» **WHAT TO PRODUCE**
Lift out all lines below that contain "Grill".

» **DATA FOR THIS TASK**
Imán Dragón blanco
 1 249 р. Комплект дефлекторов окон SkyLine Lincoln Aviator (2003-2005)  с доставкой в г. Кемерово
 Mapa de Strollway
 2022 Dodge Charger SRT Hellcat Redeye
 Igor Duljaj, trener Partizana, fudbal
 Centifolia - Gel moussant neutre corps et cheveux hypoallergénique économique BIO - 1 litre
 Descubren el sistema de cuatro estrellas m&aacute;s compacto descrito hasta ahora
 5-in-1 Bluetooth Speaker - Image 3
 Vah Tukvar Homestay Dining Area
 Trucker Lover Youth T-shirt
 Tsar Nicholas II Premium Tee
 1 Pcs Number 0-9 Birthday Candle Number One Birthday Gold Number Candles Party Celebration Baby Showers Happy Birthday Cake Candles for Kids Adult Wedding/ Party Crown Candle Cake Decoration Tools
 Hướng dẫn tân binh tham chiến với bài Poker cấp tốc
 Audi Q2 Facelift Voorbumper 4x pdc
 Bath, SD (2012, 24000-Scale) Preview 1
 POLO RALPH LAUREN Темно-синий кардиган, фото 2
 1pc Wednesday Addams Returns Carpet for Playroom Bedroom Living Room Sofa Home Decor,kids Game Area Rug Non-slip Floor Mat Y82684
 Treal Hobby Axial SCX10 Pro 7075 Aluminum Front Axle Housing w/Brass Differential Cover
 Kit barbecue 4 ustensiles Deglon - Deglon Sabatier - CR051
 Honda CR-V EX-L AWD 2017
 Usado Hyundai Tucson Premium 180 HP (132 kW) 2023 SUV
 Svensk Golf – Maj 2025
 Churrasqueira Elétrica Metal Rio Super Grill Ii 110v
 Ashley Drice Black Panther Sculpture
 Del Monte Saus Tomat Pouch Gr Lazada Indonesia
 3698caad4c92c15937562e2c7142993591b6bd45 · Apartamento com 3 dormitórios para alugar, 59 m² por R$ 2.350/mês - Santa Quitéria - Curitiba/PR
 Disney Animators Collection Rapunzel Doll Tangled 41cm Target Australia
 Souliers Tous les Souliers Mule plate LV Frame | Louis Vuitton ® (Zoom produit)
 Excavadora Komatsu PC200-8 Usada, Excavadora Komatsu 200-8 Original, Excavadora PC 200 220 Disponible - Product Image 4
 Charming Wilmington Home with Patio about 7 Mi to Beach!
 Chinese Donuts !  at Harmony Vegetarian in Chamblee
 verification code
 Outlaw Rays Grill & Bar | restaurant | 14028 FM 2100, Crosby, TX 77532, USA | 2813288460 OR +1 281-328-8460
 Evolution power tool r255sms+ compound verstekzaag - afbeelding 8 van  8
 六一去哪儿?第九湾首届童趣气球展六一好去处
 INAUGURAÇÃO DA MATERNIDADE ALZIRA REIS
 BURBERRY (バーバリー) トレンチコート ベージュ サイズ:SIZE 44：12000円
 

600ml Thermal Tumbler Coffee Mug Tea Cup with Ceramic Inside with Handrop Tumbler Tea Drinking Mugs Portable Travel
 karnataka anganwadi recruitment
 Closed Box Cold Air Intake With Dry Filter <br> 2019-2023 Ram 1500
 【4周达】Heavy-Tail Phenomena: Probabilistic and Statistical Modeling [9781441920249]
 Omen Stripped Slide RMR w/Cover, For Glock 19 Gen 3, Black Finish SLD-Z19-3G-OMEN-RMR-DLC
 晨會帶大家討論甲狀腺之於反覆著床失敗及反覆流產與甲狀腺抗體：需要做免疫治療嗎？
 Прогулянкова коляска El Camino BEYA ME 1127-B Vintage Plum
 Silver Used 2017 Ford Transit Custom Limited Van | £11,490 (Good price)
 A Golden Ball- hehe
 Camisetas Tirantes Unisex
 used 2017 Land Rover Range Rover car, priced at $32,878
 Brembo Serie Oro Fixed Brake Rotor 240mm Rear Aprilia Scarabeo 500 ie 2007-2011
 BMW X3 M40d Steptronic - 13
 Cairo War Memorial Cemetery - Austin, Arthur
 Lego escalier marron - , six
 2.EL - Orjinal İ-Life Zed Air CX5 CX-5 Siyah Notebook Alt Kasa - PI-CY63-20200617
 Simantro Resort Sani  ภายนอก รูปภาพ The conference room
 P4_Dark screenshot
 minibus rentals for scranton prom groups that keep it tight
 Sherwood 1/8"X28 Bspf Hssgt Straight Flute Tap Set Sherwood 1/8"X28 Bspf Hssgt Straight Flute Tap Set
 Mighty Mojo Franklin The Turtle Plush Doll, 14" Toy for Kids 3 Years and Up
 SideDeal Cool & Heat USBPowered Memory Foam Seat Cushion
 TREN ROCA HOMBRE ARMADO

» **EXERCISE ANSWER**
 Churrasqueira Elétrica Metal Rio Super Grill Ii 110v
 Outlaw Rays Grill & Bar | restaurant | 14028 FM 2100, Crosby, TX 77532, USA | 2813288460 OR +1 281-328-8460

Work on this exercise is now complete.